Subsequently the father brought an action in Alameda County to modify the custody provisions of the Nevada decree. An order was made by Judge Quinn modifying the custody provisions of the Nevada decree to the extent that the father could not only visit the children at the home of the mother at reasonable times, but could take the two oldest children with him on alternate Sundays. It was further provided however that . . he shall not take or permit to be taken any of said children to his home nor shall he permit any of said children to meet with or to be in the company of his present wife at any time when any of said children are taken from the defendant’s home . . and also, “The defendant (mother) shall not by any act or word defame the character of the plaintiff or his present wife to any of said children.”
On April 28, 1947, at the time of Judge Quinn’s order both parties and the four minor children lived in Alameda County. The father saw his children two or three times a week.
In June, 1947, approximately two months after Judge Quinn’s order, the mother sold her home in Alameda County. *723Taking the four children she moved first to Calistoga, California, and then, in August, 1947, to Hemet, California, where she has since resided with the four children. Since that time the father has seen his children only once. Though the children corresponded frequently with their father at the beginning of their stay in Hemet, correspondence subsequently became very infrequent. The father’s business as an accountant makes it difficult for him to travel to Hemet (near Los Angeles). It also appears that he is physically unable to drive the distance between Oakland and Hemet.
In June, 1950, the father petitioned the Superior Court of Alameda County for an order modifying the custody provisions of Judge Quinn's order. He sought the right to have the four children with him during a portion of their vacations from school. After a hearing, Judge Harris of the above court modified Judge Quinn’s order so as to provide that the father have three of the children with him during the month of July every year, the remaining child to choose for herself whether or not she wished to join the others in visiting her father. Prom this order the mother appeals.
The jurisdiction of the court to make the order complained of is conceded.

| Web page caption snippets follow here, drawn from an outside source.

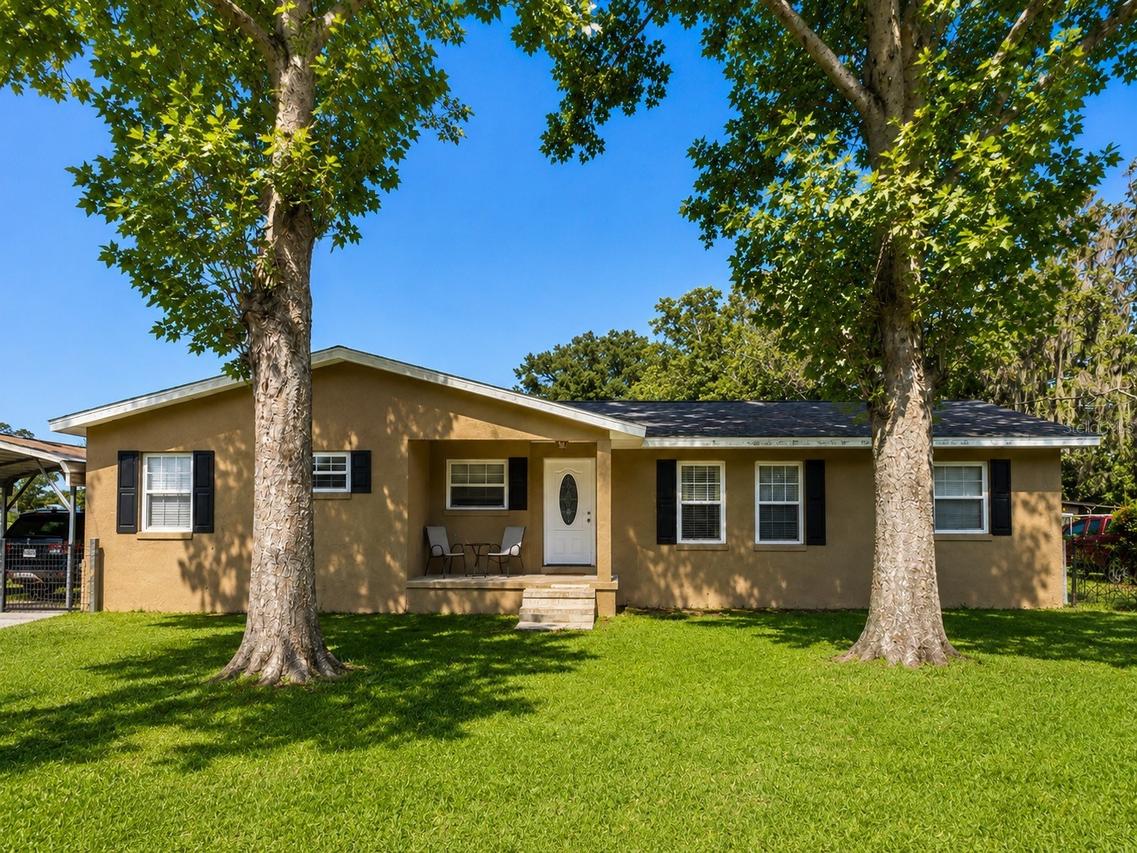 9390 NE 16th Ter., Anthony, FL 32617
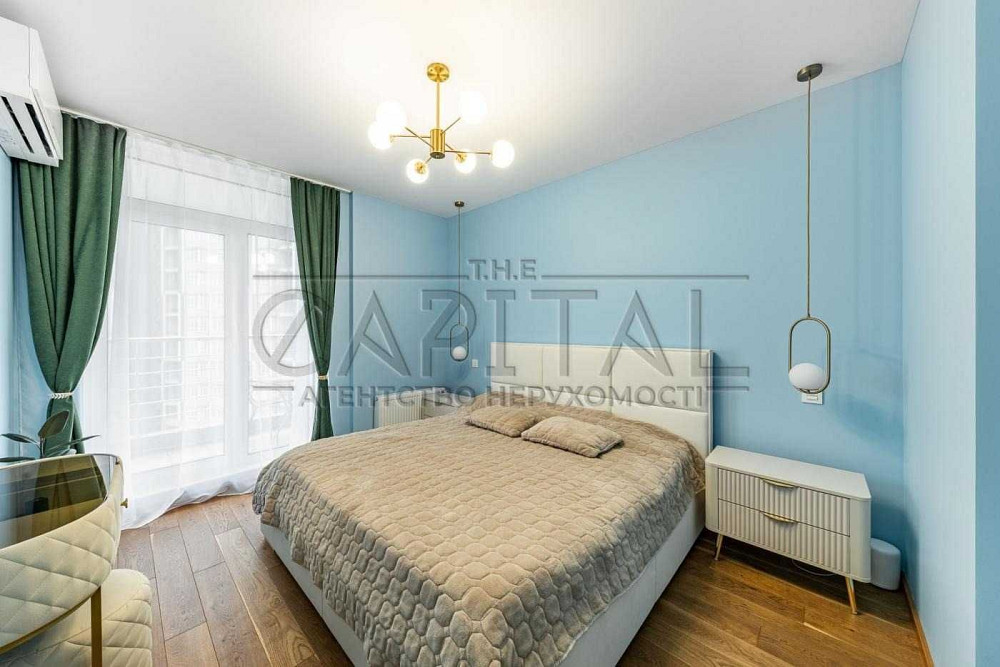 Продажа квартиры ул. Кудри/Джона Маккейна, 7 ЖК Central Park Київ - зображення 5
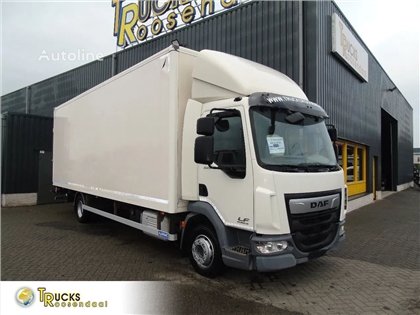 DAF LF 220 DAF LF 220 12 TON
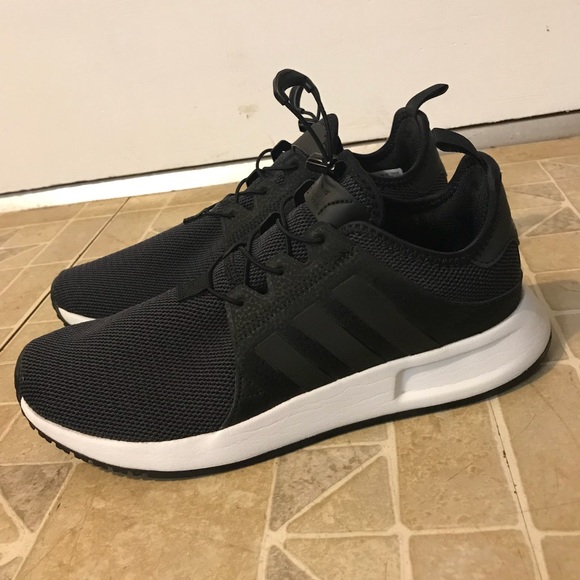 gray womens nmds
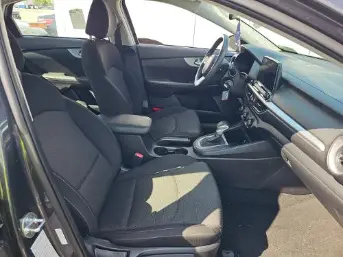 Florida Fine Cars - Used KIA FORTE 2024 WEST PALM LXS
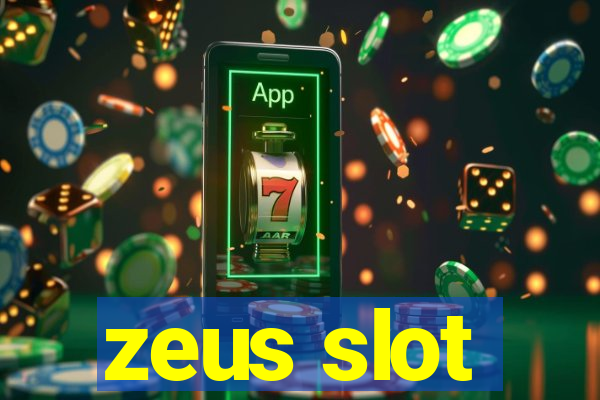 zeus slot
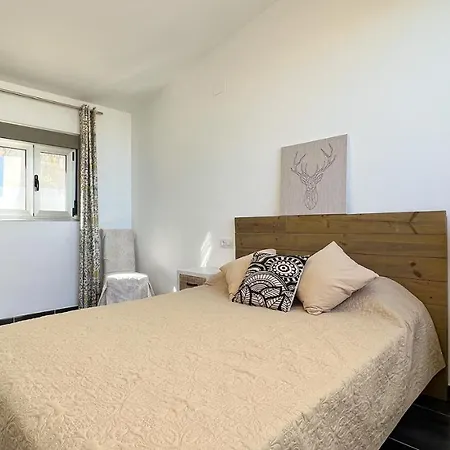 Bungalow Marivista Calpe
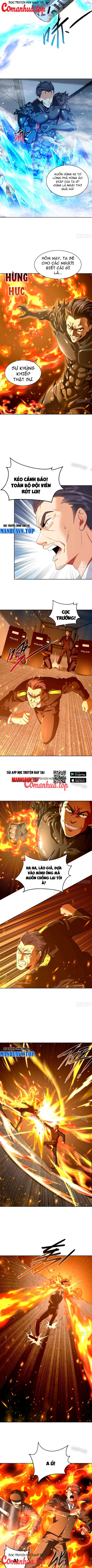 Ta Thu Thập Hậu Cung Ở Dị Giới Chapter 4 - Trang 2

Appellant’s entire appeal seems to be premised upon the basis that Judge Quinn’s order was, in effect, a finding that respondent’s present wife was not a fit and proper person with whom the children should associate, and that in this respect there has been no change of circumstances, although appellant also seems to argue that there is no change in circumstances in general.
The fact that at the time Judge Quinn’s order was made the children and the father were all living in Alameda County, where the father could frequently see his children without difficulty, and that the children have since been removed to a distant part of the state, rendering frequent visits with their father impracticable, constitutes a sufficient change in circumstances to justifv the order appealed from.
We cannot follow appellant in her argument that a finding that respondent’s present wife is an unfit person to be in contact with the children must be implied from Judge Quinn’s order prohibiting the father from taking the children into her presence. The present wife has no legal rights in relation to the children and if Judge Quinn deemed it better for the children not to see her under the then existing circumstances she had no legal standing to complain. It required no *724finding of unfitness to justify that order, which sufficiently distinguishes the case of Booth v. Booth, 69 Cal.App.2d 496 [159 P.2d 93], where the mother was deprived of the custody of her own infant daughter, in which case the normal legal rights of a parent were taken from her.
Here the argument for an implied finding of unfitness is based on pure conjecture, and it may be conjectured with at least equal probability that, since Judge Quinn found it necessary to provide that appellant should not “defame the character of the'. . . present wife to any of said children,” he concluded that less friction would be generated by the order in the form in which he framed it. With the subsequent change of circumstances Judge Harris did not abuse his discretion in removing this restriction for the month of July, in which month under his order the father should have the children in his home.
The order appealed from is affirmed.
Nourse, P. J., .and Goodell, J., concurred.